Etonnamment, la première chambre civile de la Cour de cassation valide l’application de la loi californienne et le testament litigieux.
En effet, elle estime que si normalement la loi applicable est celle de l’Etat de Californie, qui ne connaît pas la réserve héréditaire et qui autorise le testateur à déshériter certains de ses enfants, il n’est pas établi que l’application de cette loi étrangère laisserait l’un ou l’autre des consorts Y, tous majeurs au jour du décès de leur père, dans une situation de précarité économique ou de besoin.
Elle en déduit que la loi californienne peut régir le testament.
Ce d’autant que la situation présente un lien de proximité étroit avec la Californie.
Commentaire :
La Cour de cassation consacre une approche in concreto de la notion d’ordre public français. Elle invite à vérifier dans chaque cas d’espèce, si la loi étrangère va générer une situation de dénuement économique au détriment de héritiers par le sang.
En l’espèce, la Cour de cassation relève que la Cour d’appel a bien fait de tenir compte du fait que la loi californienne permet de demander au juge l’allocation d’une allocation familiale de secours au profit des enfants du défunt, adultes qui étaient en tout ou partie à sa charge.
La Cour de cassation prend en considération le fait sous-jacent que les réformes successives intervenues en France et en Europe traduisent un affaiblissement progressif de la réserve héréditaire. Notamment, la loi française du 23 juin 2006 relative au droit des successions (exclusion des ascendants du bénéfice de la réserve, faculté de renoncer de façon anticipée à l’action en réduction, exclusion des assurances-vie du rapport à la masse successorale, réduction en valeur et non plus en nature, exclusion du droit de retour des collatéraux privilégiés en présence d’une donation entre époux ou d’un testament…) et le règlement européen n° 650/2012 du 4 juillet 2012, applicable aux successions ouvertes depuis le 17 août 2015, consacrant une plus grande liberté de tester et de choisir la loi applicable, vident peu la réserve héréditaire de sa substance.

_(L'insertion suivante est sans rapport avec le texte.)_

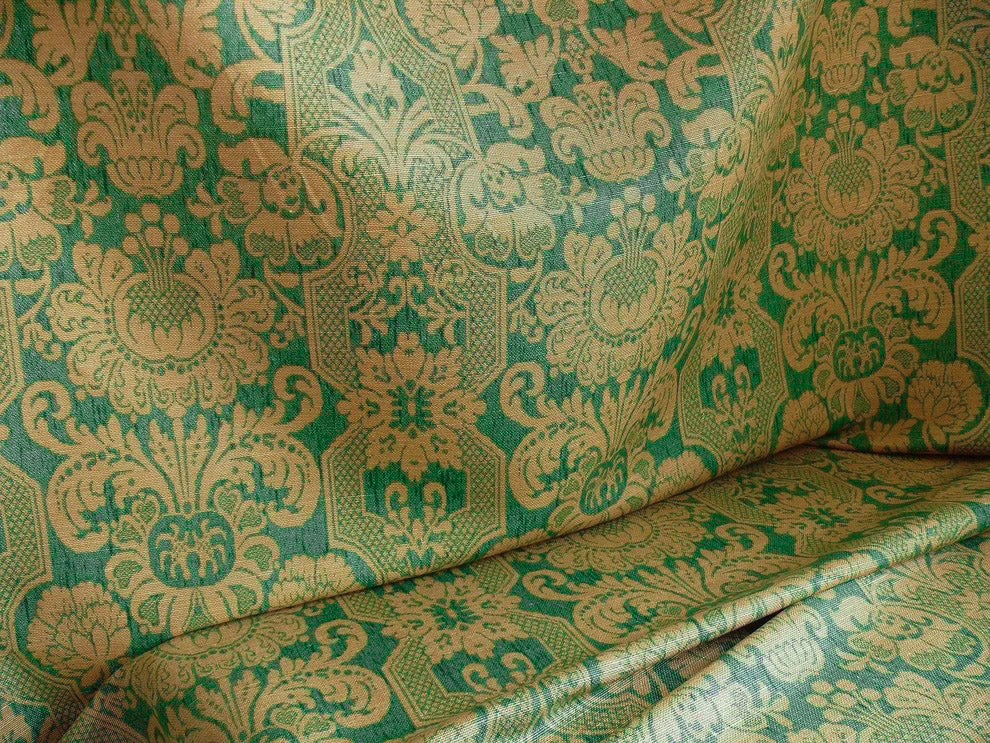 Bty Lee Jofa Croome Damask Linen Print Emerald Green MSRP USD 168/Y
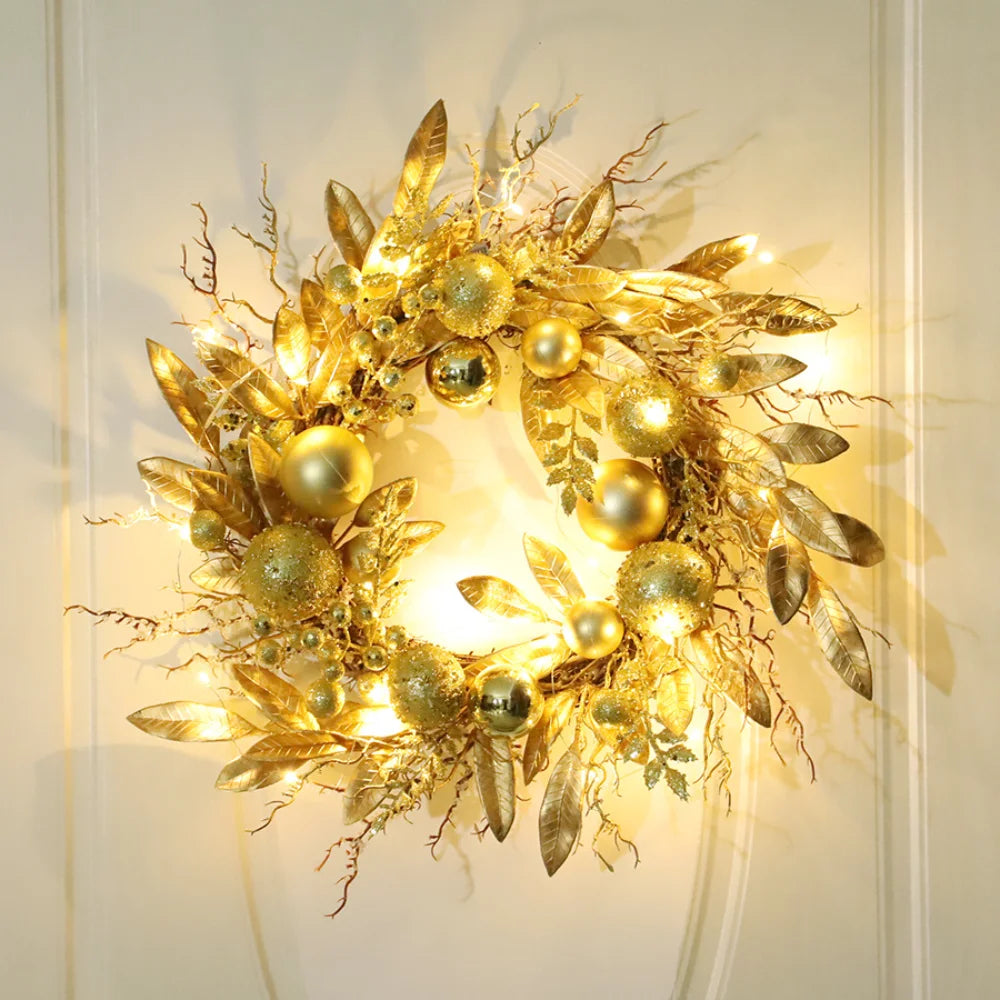 couronne de Noël décorative pour porte d'entrée suspendue Nouvel An 2025 - vue 2 sur 6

La Cour de cassation estime que la loi étrangère qui prive les enfants de la réserve héréditaire n’est pas discriminatoire et ne rompt pas l’égalité entre les héritiers. La réserve n’a aucun caractère universel.
Le règlement européen permet au testateur d’organiser sa succession en soumettant son testament à la loi de son dernier domicile habituel ou à celle de sa nationalité. Mais cela n’est envisageable que pour les successions ouvertes à compter du 17 août 2015.
Un Français résidant habituellement dans un pays étranger dont le droit ne connaît pas l’institution de la réserve héréditaire, tels les pays anglo-saxons, pourra écarter valablement ses descendants de sa succession au profit de toute autre personne.
Le Conseil constitutionnel a rendu une décision aux termes de laquelle, pour rétablir l’égalité entre les enfants étrangers et les enfants français, le législateur peut fonder une différence de traitement en autorisant le prélèvement des actifs sis en France, étant observé que le règlement européen n’interdit pas aux Etats membres cette modalité législative. Mais le législateur n’a pas saisi l’opportunité.
Cet arrêt de jurisprudence est susceptible d’être rapproché de l’affaire Johnny Hallyday qui intéresse beaucoup de Français et la presse. Les Juges ont tendance à céder devant les évolutions de la société et s’imprègnent des réformes successives pour considérer qu’en présence de critères de rattachement suffisamment probants avec l’Etat étranger, le résidant peut valablement tester au détriment d’une partie de sa descendance. Solution qui peut choquer une partie de la société française encore très attachée aux biens de famille et à la descendance.